All in all, with Apple destroying macOS in each release, crippling DTrace with SIP, Liquid Glass, poor performance monitoring compared to what I can see with tools like perf on Linux, or Intel VTune on Windows, Metal slowly becoming the only GPU programming option, I think I’m going to be switching back to Linux.

macOS profiling tools completely blow Linux’s perf out of the water. It’s not even close.
You are saying that like perf is Linux only profiling tool.
That’s what they compared to

https://blog.bugsiki.dev/posts/apple-pmu/

> I quickly found out that Apple Instruments doesn’t support fetching more than 10 counters, sometimes 8, and sometimes less. I was constantly getting errors like '<SOME_COUNTER>' conflicts with a previously added event. The maximum that I could get is 10 counters. So, the first takeaway was that there is a limit to how many counters I can fetch, and another is that counters are, in some way, incompatible with each other. Why and how they’re incompatible is a good question.

Also: https://hmijailblog.blogspot.com/2015/09/using-intels-perfor...

PMU Counters on Apple Silicon

Last time I wrote about profiling in Zig on Apple Silicon, I touched on PMU counter profiling. This time I decided to go further and create my own tool to fetch all available counters for Apple Silicon processors (M1, M2, and later). Brief explanation of PMU counters PMU (Performance Monitoring Unit) counters are hardware counters that track microarchitectural events inside the CPU, e.g. executed instructions, retired operations, branches, cache misses, and more.

It’s a condemnation of how bad perf is if it loses to that.
So far I have provided you with examples of how Instruments.app loses to perf.
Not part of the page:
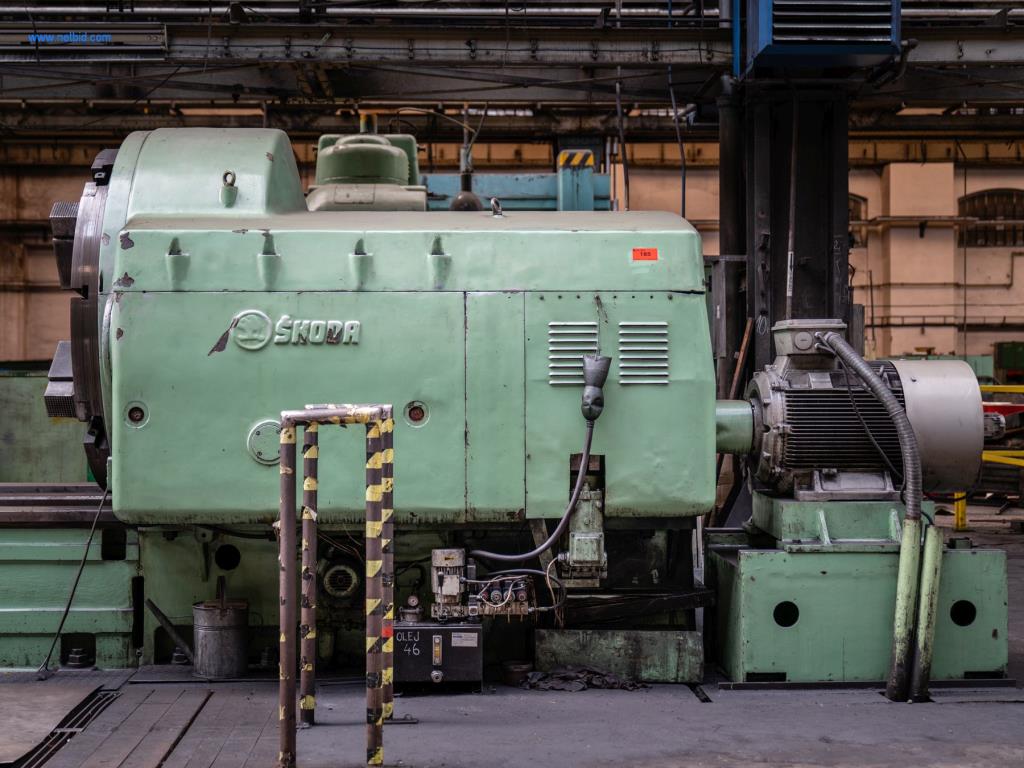 Anlagen und Maschinen aus den Bereichen Stahlproduktion, Schmiedewerk, Wärmebehandlung, Großteilebearbeitung und Peripherie-15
Perf does not have these limitations. You have not provided any examples in the reverse direction.

Both of your examples are actually very good at explaining my point. Both Instruments and perf largely expose the same information, since they use trace features in the hardware together with kernel support to profile code. Where they differ is the UI they provide. perf provides almost nothing; Instruments provides almost everything. This is because perf is basically a library and Instruments is a tool that you use to find performance problems.

Why do I like Instruments and think it is better? Because the people who designed it optimized it for solving real performance problems. There are a bunch of "templates" that are focused on issues like "why is my thing so slow, what is it doing" to "why am I using too much memory" to "what network traffic is coming out of this app". These are real, specific problems while perf will tell you things like "oh this instruction has a 12% cache miss rate because it got scheduled off the core 2ms ago". Which is something Instruments can also tell you, but the idea is that this is totally the wrong interface that you should be presenting for doing performance work since just presenting people with data is barely useful.

What people do instead with perf is they have like 17 scripts 12 of which were written by Brendan Gregg to load the info into something that can be half useful to them. This is to save you time if you don't know how the Linux kernel works. Part of the reason why flamegraphs and Perfetto are so popular is because everyone is so desperate to pull out the info and get something, anything, that's not the perf UI that they settle for what they can get. Instruments has exceptionally good UI for its tools, clearly designed by people who solve real performance problems. perf is a raw data dump from the kernel with some lipstick on it.

Mind you, I trust the data that perf is dumping because the tool is rock-solid. Instruments is not like that. It's buggy, sometimes undocumented (to be fair, perf is not great either, but at least it is open source), slow, and crashes a lot. This majorly sucks. But even with this I solve a lot more problems clicking around Instruments UI and cursing at it than I do with perf. And while they are slow to fix things they are directionally moving towards cleaning up bugs and allowing data export, so the problems that you brought up (which are very valid) are solved or on their way towards being solved.